I turned around so I could see the smile I heard in his voice. It was worth turning around for. With the dark glasses hiding his eyes, it helped me see just how great a smile it was, though his hair had escaped the ponytail again and was falling around his face. The bright sunlight brought out more of the red in his auburn hair. I fought to just enjoy how great he looked in that moment, and not think about why his hair was short. Why couldn't I let that go?
He touched his hair, putting it behind his ear; he'd felt some of what I was feeling in that moment, what I was thinking. We all worked to stay behind our metaphysical shields with one another, but some of it leaked over. He was my moitie bete, my leopard to call, which meant we were clos
er than just lovers. I felt that he was sad, not because his hair was short, but because it made me sad.
"I'm sorry that it bothers me this much," I said.
He reached out to touch my face. "I love that I know what you're feeling, Anita; never apologize for that."
"And the rest of us don't have any idea what you were thinking, only that you were sad about it," Rodina said, her tone somewhere between disdainful and fighting not to be angry.
I looked into her dark eyes and said, "And I can't feel what you're feeling at all."
"No, because we are only your Brides; we feel your emotions, your desires, your needs, but you know nothing of our internal landscape."
"You're right, we just have to muddle through like every other person on the planet and actually talk to each other about what we're thinking and feeling."
The car slowed down. I looked back to the road because I thought we were stopping. When we kept creeping forward I looked for a car accident or something else to take us from sixty to about thirty miles per hour.
Bernardo answered before any of us could ask. "It's the Key deer sanctuary.
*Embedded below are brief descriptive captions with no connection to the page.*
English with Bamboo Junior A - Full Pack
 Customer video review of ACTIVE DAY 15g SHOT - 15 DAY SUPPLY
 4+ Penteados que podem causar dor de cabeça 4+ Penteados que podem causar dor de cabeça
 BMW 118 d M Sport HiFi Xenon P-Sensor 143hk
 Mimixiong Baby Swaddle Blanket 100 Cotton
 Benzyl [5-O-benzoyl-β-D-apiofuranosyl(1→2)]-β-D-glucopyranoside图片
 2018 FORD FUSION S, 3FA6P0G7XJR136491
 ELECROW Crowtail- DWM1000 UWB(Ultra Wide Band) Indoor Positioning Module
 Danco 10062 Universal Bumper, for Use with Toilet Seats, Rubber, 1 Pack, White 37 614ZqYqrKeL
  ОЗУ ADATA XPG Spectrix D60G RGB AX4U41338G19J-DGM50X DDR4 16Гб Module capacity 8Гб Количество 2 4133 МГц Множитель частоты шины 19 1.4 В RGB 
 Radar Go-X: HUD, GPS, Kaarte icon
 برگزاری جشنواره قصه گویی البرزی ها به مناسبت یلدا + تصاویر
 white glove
You have to drive very slowly through here or the cops will give you a ticket."
"What's so special about deer in the Keys?" I asked.
"They're a different species, or subspecies," Bernardo said.
"They're really tiny," Nathaniel said.
I turned to look at him. "How tiny?"
"Look to the right," Micah said.
I looked where he pointed and there were two deer beside the road. Nathaniel was right; they were tiny compared to any deer I'd ever seen. They couldn't have been any bigger than a German shepherd, maybe half the size of a white-tailed deer. I turned as the car crept past them. They were watching the traffic with big, dark eyes, their ears twitching back and forth.